Les réformes structurelles en Tunisie: L’expression d’une continuité ou d’une rupture?
La révolution de 2011 en Tunisie est l’expression de la faillite d’un modèle néolibéral extraverti instauré depuis le milieu des années 1980 avec la mise en application du programme d’ajustement structurel. C’est un modèle qui a atteint ses limites et épuisé ses capacités et qui n’est plus à même de faire face aux grands problèmes auxquels la Tunisie s’est trouvée confrontée, notamment l’aggravation du chômage, l’aiguisement des inégalités sociales et régionales, la généralisation de la corruption et de la contrebande et la prolifération du marché parallèle.

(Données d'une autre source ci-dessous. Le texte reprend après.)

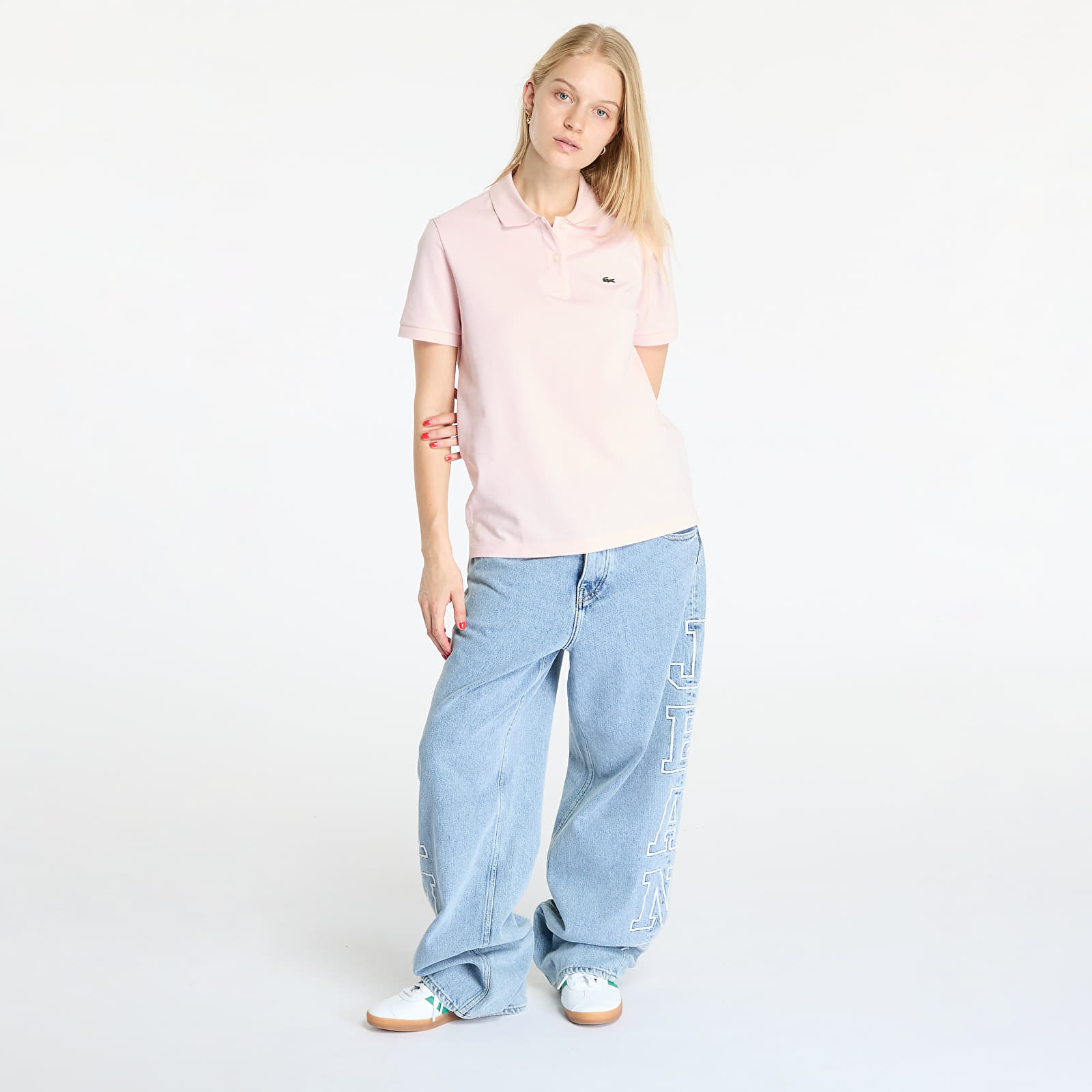 T-särgid LACOSTE Polos Nidus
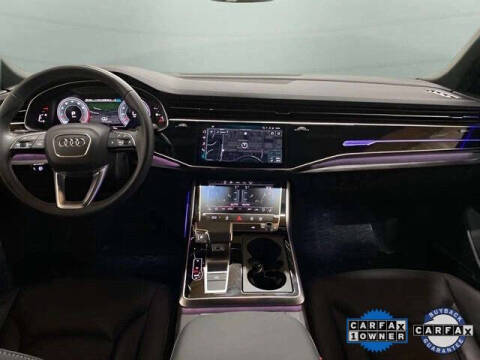 2023 Audi Q8 quattro Premium Plus 55 TFSI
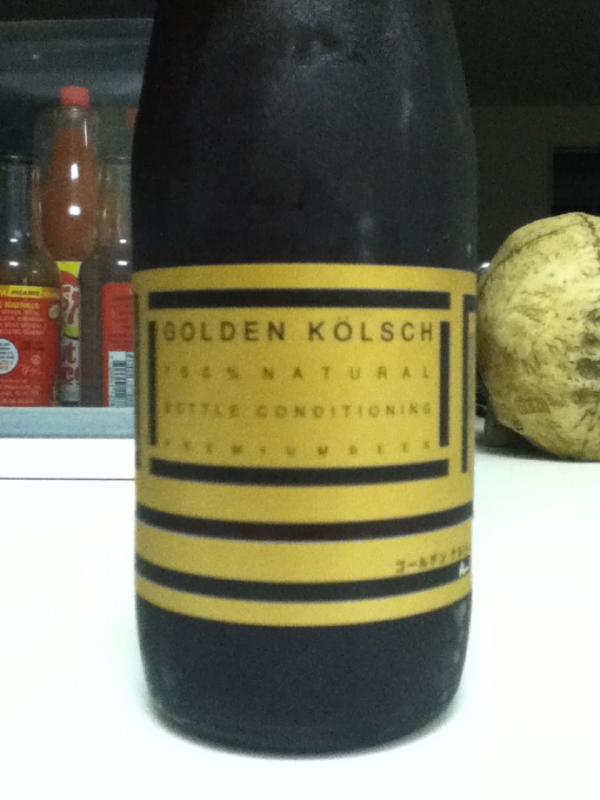 Golden Kölsch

Depuis 2011, les politiques économiques et sociales sont menées avec une absence de visions claires, une gestion des affaires au jour le jour, une incohérence dans les prises de décisions et dans les politiques menées et surtout une absence totale de stratégie de développement. C’est parce que tout simplement le modèle de croissance en vigueur continue d’être considéré comme valable et efficace. Il a, même, été régénéré et reconduit, d’où la fuite en avant dans laquelle s’est engagée l’économie tunisienne.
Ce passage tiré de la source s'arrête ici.